The last mayoral election was in 2002, and even then, the AL decided to boycott and not support a candidate, which means that the last time (and the first time, as it happens) we really had a fully competitive mayoral race in the capital was in 1994.
That was over 20 years ago, so the vote for mayor in 11 days time is long overdue, and it is heartening to see that the public is fully engaged and enthused about casting their vote.
Unlike a national election, mayoral elections allow the press and the public to focus their attention on the few constituencies where the races are taking place (three on April 28), which in turn serves to concentrate both the excitement and the scrutiny.
At the national level too much of the voting takes place simply across partisan party lines, with no one paying any attention to the candidates or their manifestos. Typically, the only consideration is the party identity of the candidate, and people cast their vote based on this one criterion.
A mayoral election provides us with a chance to really cast our vote based on the merits of the individual candidate and on what policies he or she might advance if elected to office. To be sure, there will be plenty of voters who will not look beyond the party affiliation (or, to be precise, support, as the election is meant to be a non-party affair) of each candidate, and vote based on that.
But the two Dhaka mayoral races also give us an opportunity to look at the merits, and see who we think would make the best mayor, regardless of party affiliation. It is an opportunity to listen objectively to what each candidate has to say and to make a judgement based on that.
It is for this reason that we at the Dhaka Tribune have teamed up with ATN News and the Institute of Infomatics and Development (IID) to bring the people of Dhaka two televised mayoral candidate debates, one for Dhaka South and one for Dhaka North.
In the upcoming elections nothing is more important that ensuring that the candidates get a chance to make their voices heard and that the voters get a chance to interact with the candidates and size them up for themselves.
The key to a good election is informed participation. Even a fully participatory election is of no use unless the voters have the opportunity to inform themselves about the candidates seeking their vote and are able to make a considered and informed choice.
There is no better forum for communicating this information than a debate between the candidates, that is broadcast on television to the voting public.
We have seen in other countries (the presidential debates in the US come to mind) that the election debates are a crucial component of the election landscape, and that it is unthinkable to hold an election without the candidates braving both one another as well as the television audience, so that the voters can take a long, hard look at them and determine for themselves how the candidates stack up against one another.
With this debate, we hope that we not only will provide a needed service for the voters in the upcoming Dhaka city corporation elections, but that we can kick-start a culture of televised debates in which future candidates will have no option but to face off against one another and will have to make their case to the public in order to be elected.
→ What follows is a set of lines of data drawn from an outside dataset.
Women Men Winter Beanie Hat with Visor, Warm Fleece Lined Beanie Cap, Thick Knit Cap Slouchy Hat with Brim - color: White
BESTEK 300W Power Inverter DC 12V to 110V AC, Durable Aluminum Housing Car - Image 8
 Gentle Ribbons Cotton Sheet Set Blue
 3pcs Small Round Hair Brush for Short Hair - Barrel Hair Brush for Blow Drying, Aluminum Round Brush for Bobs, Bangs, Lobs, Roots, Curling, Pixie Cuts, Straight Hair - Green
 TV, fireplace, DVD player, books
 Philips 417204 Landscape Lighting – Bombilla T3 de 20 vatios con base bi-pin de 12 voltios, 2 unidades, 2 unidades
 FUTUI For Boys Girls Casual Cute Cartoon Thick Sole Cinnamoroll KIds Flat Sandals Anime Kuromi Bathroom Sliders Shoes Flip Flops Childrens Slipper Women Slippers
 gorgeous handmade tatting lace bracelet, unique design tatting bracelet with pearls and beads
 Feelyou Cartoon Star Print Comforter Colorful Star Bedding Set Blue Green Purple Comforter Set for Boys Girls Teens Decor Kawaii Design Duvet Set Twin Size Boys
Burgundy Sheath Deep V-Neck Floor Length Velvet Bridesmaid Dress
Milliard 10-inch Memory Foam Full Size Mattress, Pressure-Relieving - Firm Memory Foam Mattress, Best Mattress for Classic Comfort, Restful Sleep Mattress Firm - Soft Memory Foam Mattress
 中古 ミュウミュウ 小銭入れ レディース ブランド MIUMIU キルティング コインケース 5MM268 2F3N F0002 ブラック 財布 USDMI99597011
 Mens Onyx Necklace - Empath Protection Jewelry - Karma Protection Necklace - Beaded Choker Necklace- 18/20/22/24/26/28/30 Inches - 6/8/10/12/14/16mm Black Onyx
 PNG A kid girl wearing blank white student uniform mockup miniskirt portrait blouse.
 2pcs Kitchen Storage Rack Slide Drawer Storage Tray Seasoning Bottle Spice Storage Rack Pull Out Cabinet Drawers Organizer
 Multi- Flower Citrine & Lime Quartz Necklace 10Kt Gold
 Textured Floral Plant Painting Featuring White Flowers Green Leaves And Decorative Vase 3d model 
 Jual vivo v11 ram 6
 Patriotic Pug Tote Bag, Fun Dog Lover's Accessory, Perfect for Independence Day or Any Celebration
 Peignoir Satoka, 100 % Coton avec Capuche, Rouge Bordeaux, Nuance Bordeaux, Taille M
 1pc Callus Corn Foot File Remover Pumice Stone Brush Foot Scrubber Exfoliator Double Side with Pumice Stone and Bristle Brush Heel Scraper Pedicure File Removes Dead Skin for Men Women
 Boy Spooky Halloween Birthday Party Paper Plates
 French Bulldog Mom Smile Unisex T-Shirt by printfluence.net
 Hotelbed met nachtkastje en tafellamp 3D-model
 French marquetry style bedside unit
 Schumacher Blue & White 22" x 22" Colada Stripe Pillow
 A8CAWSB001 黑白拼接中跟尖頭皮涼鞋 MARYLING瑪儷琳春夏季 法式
Regular pre-election debates would transform the political landscape of the country by ensuring that candidates seeking our votes have to come into the spotlight and would be forced to justify to the voters why they deserve our vote.
With hundreds of thousands if not millions of voters tuning in, there is nowhere to hide. Nothing will expose a weak candidate or a showcase the merits of a strong one better than an hour and a half in open debate in front of a closely watching electorate.
It is under the glare of the studio spotlight that we will learn who has the right stuff and who is fit to lead this city. At the end of ninety minutes even the most adept politician is stripped bare of pretence and posturing and left clothed in nothing more than his or her fitness for office.
We hope you will all join us for our historic Meet Dhaka debates, which will be broadcast on ATN News from 9-11pm, on April 21 for Dhaka South and April 23 for Dhaka North.
It will remain your best chance to learn what each candidate stands for and what each candidate is made of. We shouldn’t assume that we already know who will make the best mayor until and unless we see what they have to say for themselves and how they cope with the pressure of facing the voters without intermediaries.
It promises to be must-see television and I can think of no better way to spend two hours in the run-up to the elections. Not only will these debates play a crucial role in determining who our next mayor will be, they can also provide a template for how campaigns are run and our leaders are chosen in the future.
Don’t miss it. You’ll want to be there the night that Bangladeshi politics comes of age.